Wednesday April 08, 2009
Here's what kernel developers talk about at coffee: bugs in our command shells. At least, that was the topic the other day when Stephen, Dave and I were complaining about the various troubles we'd had with different command shells.
While others moved to zsh some years ago, I have been a bash user since kicking the tcsh habit. But for years I have been plagued by a subtle nuisance in bash: sometimes it doesn't catch terminal window resizes properly. The result is that command line editing works very poorly until bash finally figures this out. After a while, I worked out that this behavior happens only when the window size change happens while you're in some application spawned by bash. So if you're in an editor like vim, change the window size, and then exit (or suspend) the editor, bash will be confused about the terminal size.

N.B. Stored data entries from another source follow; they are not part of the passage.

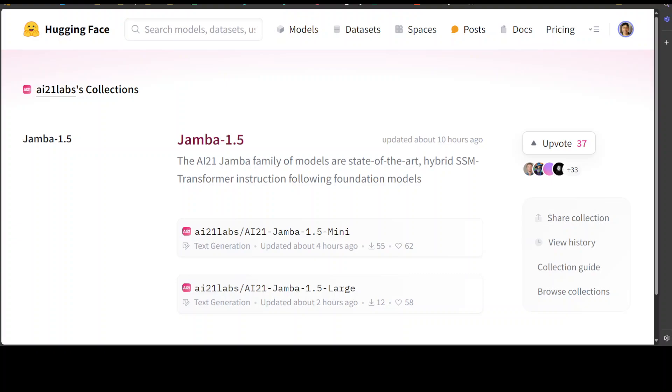Whereas state space AI models, or SSM models, are inspired by control theory and are used for modeling sequential data, forecasting, and control systems. They represent the system's state at each time step using equations to evolve the state over time. This approach is suitable for tasks like time series prediction, robotics, and autonomous systems.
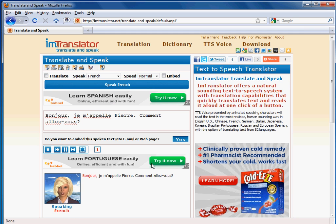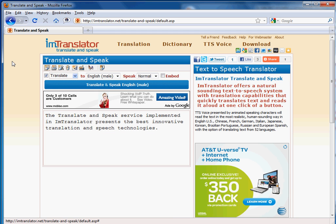Hello, I'm Pierre. How are you? The Translate and Speak service implemented in M-Translator presents the best innovative translation and speech technologies.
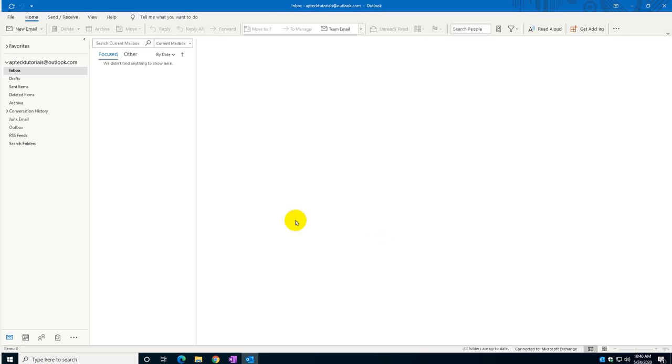Good morning and welcome to AP Tech tutorial. Today I'm going to show you how to create a signature in your Outlook.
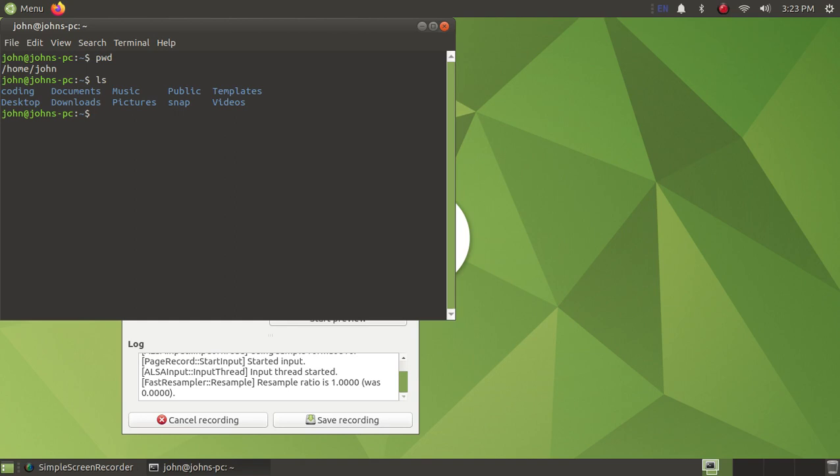this is what would be by default in your home directory: documents, desktop, downloads, music, pictures, public, templates, and videos.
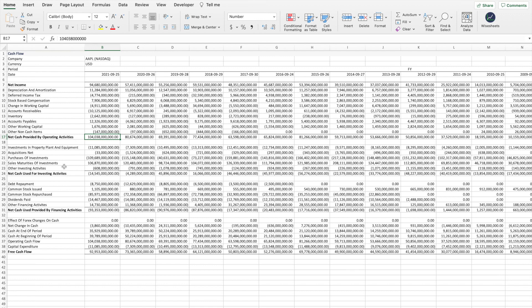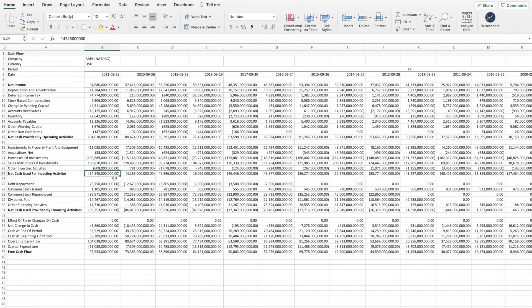The next section is net cash used in investing activities. Based on the company's investing activities, cash flow can be negative or positive. If it's negative, it means the company invested a good amount of cash. If it's positive, it means the company got more money from its investments than it put back into the business. Looking at the individual items gives you a good idea of whether these increases or decreases are positive for that particular company.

While this has always annoyed me, it never quite reached the threshold for me to do anything about it. But recently it has been bugging me more and more. After we returned from coffee, I dug into the bash manual and discovered a little-known option, the checkwinsize builtin. In a nutshell, you can set this shell option as follows:
shopt -s checkwinsize
which the bash manual says: If set, Bash checks the window size after each command and, if necessary, updates the values of LINES and COLUMNS. Sounds great! As an aside, I think that as a modern shell, bash should set this option by default. (Others think so too).
With much self-satisfaction I set this option and got ready for line editing bliss. But, no joy. I checked and rechecked, and finally started using truss, and then DTrace, to try to understand the problem. After some digging I eventually discovered the following bug in the shell. Here's the meat of the writeup I submitted to the bash-bug list:
On Solaris/OpenSolaris platforms, I have discovered what I believe is a
bug in lib/sh/winsize.c.
I discovered with a debugger that the get_new_window_size() function
has no effect on Solaris. In fact, here is what this file looks like if
you compile it:
$ dis winsize.o
disassembly for winsize.o
section .text
get_new_window_size()
get_new_window_size: c3 ret
That's it-- an empty function. The problem is that the appropriate header
file is not getting pulled in, in order to #define TIOCGWINSZ.
As a result, even with 'shopt -s checkwinsize' set on Solaris, bash
does not check the win size on suspend of a program, or on program
exit. This is massively frustrating, and I know of several Solaris
users who have switched to zsh as a result of this bug.
I have not tried bash 4.0, but looking at the source code, it appears
that the bug is present there as well.
Fix:
I added an ifdef clause which looks to see if the HAVE_TERMIOS_H define
is set, after the #include of config.h. If it is, then I #include the
termios.h header file. This solves the problem, which I confirmed by
rebuilding and dis'ing the function. I also ran my recompiled bash
and confirmed that it now worked correctly.
Hopefully the bash maintainers will take note and fix this bug. In the mean time, I'm going to see if we can get the fix for this applied to the Nevada (and hence, OpenSolaris) version of bash.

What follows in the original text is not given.